Serve#

Executors can be served and accessed over the network using gRPC or HTTP protocols, allowing you to use them to create services for tasks like model inference, data processing, generative AI, and search services.

There are different options for deploying and running a standalone Executor:

  • Run the Executor directly from Python with the Deployment class

  • Run the to_kubernetes_yaml() method to generate Kubernetes deployment configuration files from an instance of Deployment

  • Run the static to_docker_compose_yaml() method to generate a Docker Compose service file

See also

Executors can also be combined to form a pipeline of microservices. We will see in a later step how to achieve this with the Flow

Served vs. shared Executor

In Jina there are two ways of running standalone Executors: Served Executors and shared Executors.

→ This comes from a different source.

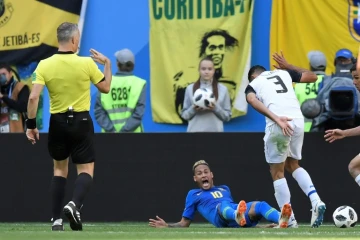 La star du Brésil Neymar (au sol) réclame un penalty lors du match contre le Costa Rica à Saint-Pétersbourg, le 22 juin 2018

  • A served Executor is launched by one of the following methods: Deployment, to_kubernetes_yaml(), or to_docker_compose_yaml(). It resides behind a Gateway and can be directly accessed by a Client. It can also be used as part of a Flow.

  • A shared Executor is launched using the Jina CLI and does not sit behind a Gateway. It is intended to be used in one or more Flows. However, it can be also accessed by a Client. Because a shared Executor does not reside behind a Gateway, it requires fewer networking hops when used inside of a Flow. However, it is not suitable for exposing a standalone service without gRPC protocol.

In any case, the user needs to make sure that the Document types bound to each endpoint are compatible inside a Flow.

Serve directly#

An Executor can be served using the Deployment class.

The Deployment class aims to separate the deployment configuration from the serving logic. In other words:

  • the Executor cares about defining the logic to serve, which endpoints to define and what data to accept.

  • the Deployment layer cares about how to orchestrate this service, how many replicas or shards, etc.

This separation also aims to enhance the reusability of Executors: the same implementation of an Executor can be served in multiple ways/configurations using Deployment.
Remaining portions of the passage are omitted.